La Cour d’appel d’Amiens, saisie de l’affaire, juge que l’action du maître d’ouvrage fondée sur la garantie décennale du constructeur est forclose, de sorte que l’action contre l’assureur multirisque-exploitation du maître d’ouvrage est également irrecevable.

Le maître d’ouvrage se pourvoit en cassation aux motifs, d’une part, que le délai de forclusion de son action en garantie décennale aurait été interrompu en 2012, et d’autre part, que l’irrecevabilité de l’action en garantie décennale ne s’étend pas à l’action introduite à l’encontre de son assureur.

Par un arrêt rendu en date du 9 octobre 2025, la troisième Chambre civile de la Cour de cassation rejette le premier moyen formulé par la société d’exploitation agricole, et accueille le second.

 La Cour juge, en premier lieu, que les dispositions de la loi n°2008-561 du 17 juin 2008 ont supprimé, dès l’entrée en vigueur de cette loi, la cause d’interruption du délai de forclusion fondée sur la reconnaissance de responsabilité du débiteur.
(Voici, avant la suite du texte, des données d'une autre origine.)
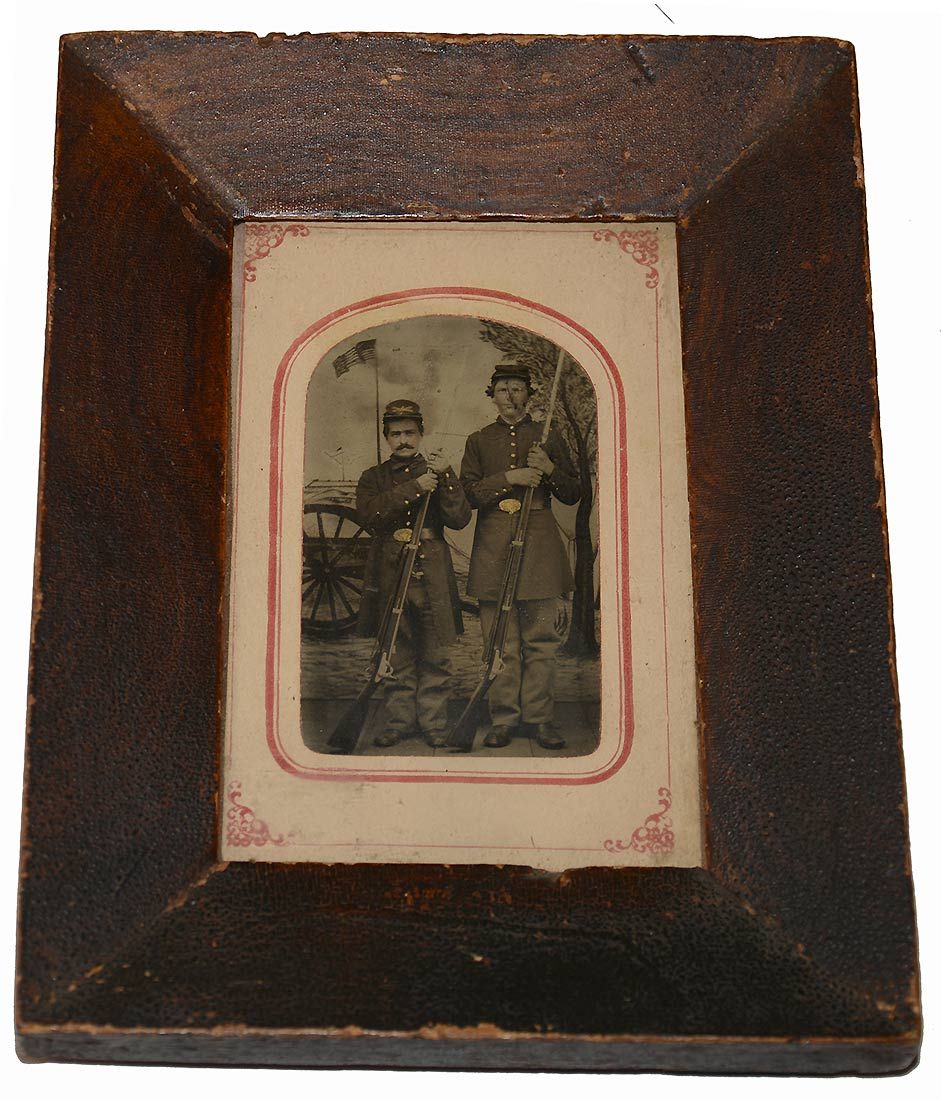 PUBLISHED TINTYPE OF TWO ARMED UNION SOLDIERS FROM THE COLLECTION OF THE LATE DEAN S. THOMAS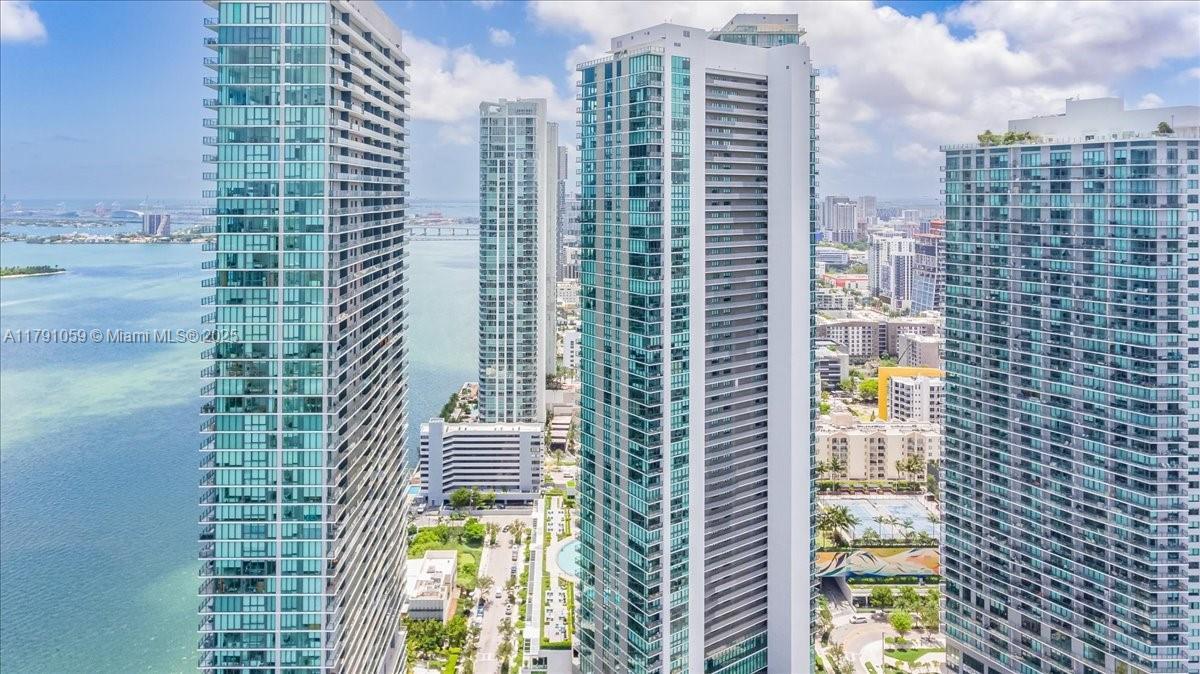 Picture of 650 NE 32Nd St # 3808, Miami, FL 33137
Aussi, même à considérer que l’intervention du constructeur en 2012 serait constitutive d’une reconnaissance de responsabilité, cette reconnaissance, en ce qu’elle est intervenue après la date d’entrée en vigueur de la loi précitée, n’aurait eu aucune incidence sur le délai de forclusion de l’action en garantie décennale.

En second lieu, toutefois, la troisième Chambre civile de la Cour de cassation infirme l’arrêt de la Cour d’appel d’Amiens en ce qu’il a considéré que l’irrecevabilité de l’action en garantie décennale entraînait l’irrecevabilité de l’action fondée sur le contrat d’assurance.

En l’espèce, cette deuxième action fait l’objet d’un délai de prescription d’une durée de deux ans, commençant à courir à compter du 7 mars 2018, date de survenance du sinistre.

S’agissant d’un délai de prescription, il a été interrompu par l’introduction d’une demande d’expertise en référé, le 13 août 2018, jusqu’à la nomination de l’expert, intervenue le 25 octobre 2018.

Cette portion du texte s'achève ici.